▸ **Extracted entries**:
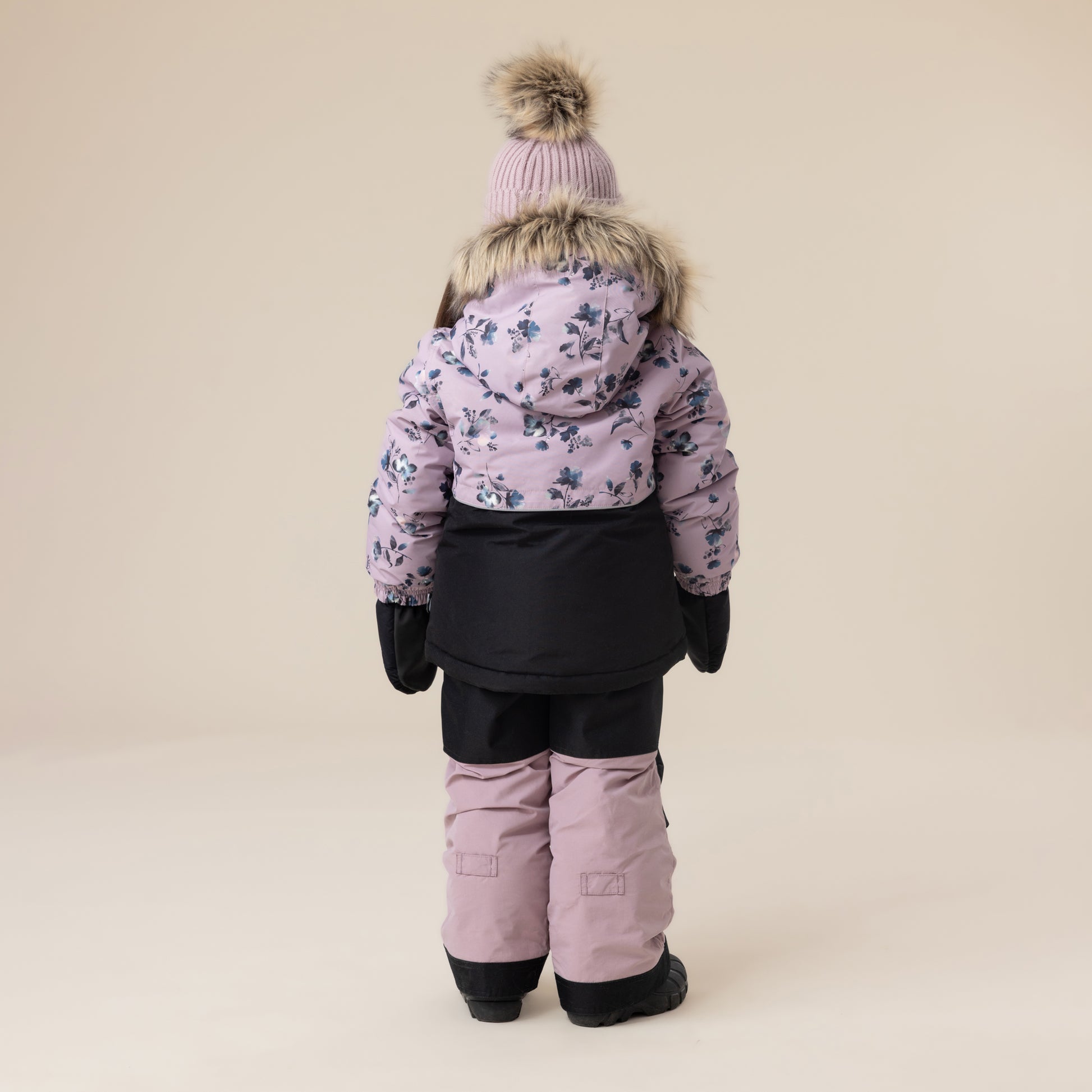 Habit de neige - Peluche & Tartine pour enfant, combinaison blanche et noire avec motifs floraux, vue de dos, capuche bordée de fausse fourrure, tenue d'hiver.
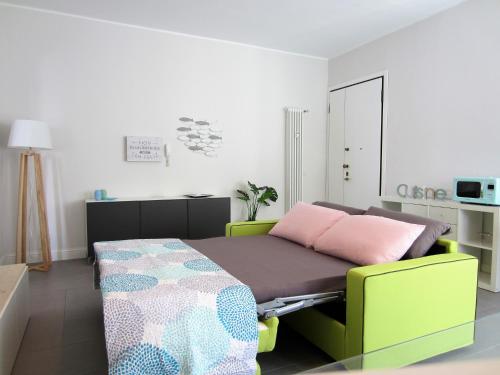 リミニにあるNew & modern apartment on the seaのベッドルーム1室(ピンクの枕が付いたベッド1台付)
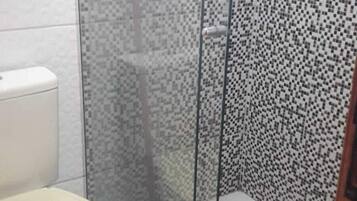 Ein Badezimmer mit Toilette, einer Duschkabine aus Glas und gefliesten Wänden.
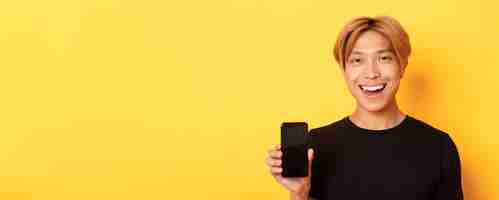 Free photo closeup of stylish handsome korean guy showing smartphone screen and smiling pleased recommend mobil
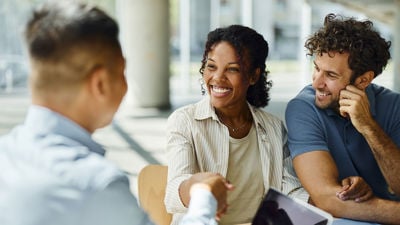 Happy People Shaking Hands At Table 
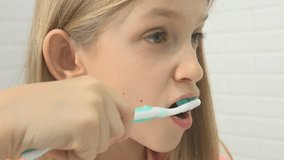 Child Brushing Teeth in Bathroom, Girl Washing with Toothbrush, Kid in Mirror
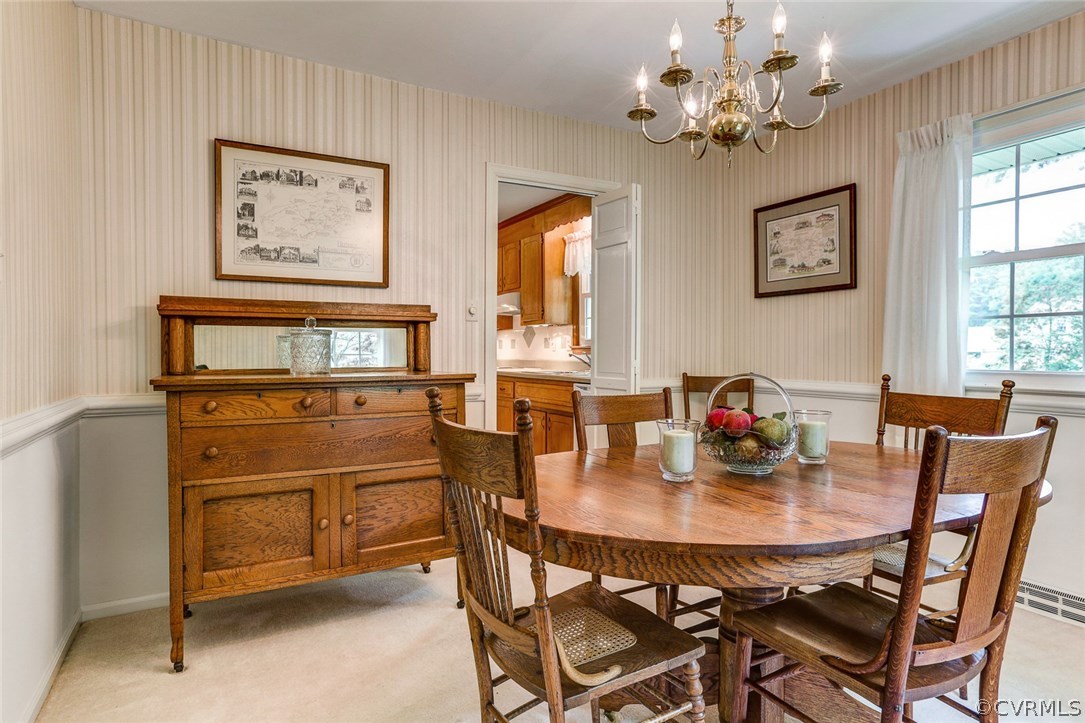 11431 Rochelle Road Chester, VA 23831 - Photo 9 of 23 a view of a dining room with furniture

▸ **Description of the task**: Print every record above exactly as written, leaving out the pictures.

▸ **Output of the exercise**:
 Habit de neige - Peluche & Tartine pour enfant, combinaison blanche et noire avec motifs floraux, vue de dos, capuche bordée de fausse fourrure, tenue d'hiver.
 リミニにあるNew & modern apartment on the seaのベッドルーム1室(ピンクの枕が付いたベッド1台付)
 Ein Badezimmer mit Toilette, einer Duschkabine aus Glas und gefliesten Wänden.
 Free photo closeup of stylish handsome korean guy showing smartphone screen and smiling pleased recommend mobil
 Happy People Shaking Hands At Table 
 Child Brushing Teeth in Bathroom, Girl Washing with Toothbrush, Kid in Mirror
 11431 Rochelle Road Chester, VA 23831 - Photo 9 of 23 a view of a dining room with furniture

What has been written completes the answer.